-307-
For the reasons discussed in great detail in this opinion,
Mr. Levinton’s assumptions about Generale Bank’s and CLIS’s
intentions to partner in a film venture with the Ackerman group
are erroneous and contrary to what we have found to be Mr.
Lerner’s understanding of the CDR transaction. Consequently, we
cannot agree that Mr. Lerner reasonably relied on Mr. Levinton’s
memorandum in filing SMP’s 1997 partnership tax return.
7. Opinion From Chamberlain Hrdlicka
In 1998, Mr. Lerner sought and received the advice of
Chamberlain, Hrdlicka, White, Williams & Martin (Chamberlain
Hrdlicka) concerning the tax issues regarding SMP. Joseph R.
Valentino of Chamberlain Hrdlicka prepared a memorandum to Mr.
Lerner dated December 11, 1998, regarding the adjusted basis for
Federal income tax purposes that SMP had in the SMHC receivables
and stock.
The Chamberlain Hrdlicka memorandum consists of 19 pages.
Eleven of the 19 pages are dedicated to a statement of facts.
212(...continued)
Affiliated Cos. v. Commissioner, 90 T.C. 171 (1988).

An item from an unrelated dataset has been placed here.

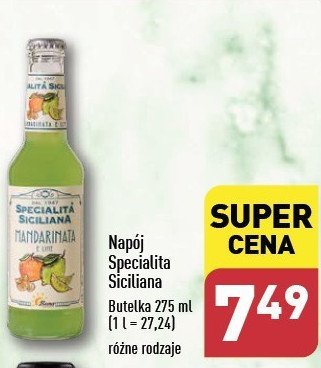 Napój lekko gazowany limonka i mandarynka Specialita siciliana promocja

Mr.
Levinton posited that “the pivotal factual issue that makes
Esmark persuasive, if not controlling, is that GB and CLIS
entered the LLC with the intention of remaining participants in
it, and with no immediate intention to sell to Rockport or anyone
else”. Mr. Levinton cautioned, however, that the Generale Bank’s
and CLIS’s contributions to SMP in exchange for preferred
interests might be viewed as a meaningless step under Esmark, if
neither Generale Bank nor CLIS ever intended to become members of
SMP and did so only as an intermediate and meaningless step in
disposing of the stock and receivables.